Na avaliação do especialista, o binarismo interessa aos dois lados. Grupos do PT tentam engajar sua militância e constranger opositores até com a ameaça de um enfrentamento físico, buscando desencorajar manifestantes a saírem para as ruas. Os movimentos à direita aproveitam o clima para radicalizar o discurso e conquistar adeptos antipetistas, com vistas ao impeachment da presidente Dilma Rousseff.
Redes sociais reforçam visões mais radicais e aceleram acirramento
O clamor das redes eleva a disputa, que vai contaminar as próximas eleições, mas as diferenças que separam os dois lados podem não ser tão acentuadas como parecem. Pelo menos do ponto de vista ideológico.

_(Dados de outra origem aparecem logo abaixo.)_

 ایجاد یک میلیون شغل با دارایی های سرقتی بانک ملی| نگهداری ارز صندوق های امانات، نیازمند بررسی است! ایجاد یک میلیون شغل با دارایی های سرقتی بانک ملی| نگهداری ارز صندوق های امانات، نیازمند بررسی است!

Ao pesquisar a literatura internacional sobre o fenômeno, o escritor e jornalista de ciência Carlos Orsi encontrou dados que ajudam a iluminar também o quadro nacional. No estudo norte-americano Affect, Not Ideology: A Social Identity Perspective on Polarization, publicado em 2013 no periódico Public Opinion Quarterly, os autores mostram que o que efetivamente polariza são as emoções, não as diferenças ideológicas. Com falta de clareza sobre projetos partidários, eleitores tendem a personalizar sentimentos de amor ou raiva. Orsi lembra que outros estudos acadêmicos indicam que, quando um grupo de pessoas com opiniões moderadas, mas convergentes, se reúne para conversar, tende a sair com visões mais radicais. Por isso, ambientes que reforçam nichos, como o Facebook, são canais que aceleram o acirramento.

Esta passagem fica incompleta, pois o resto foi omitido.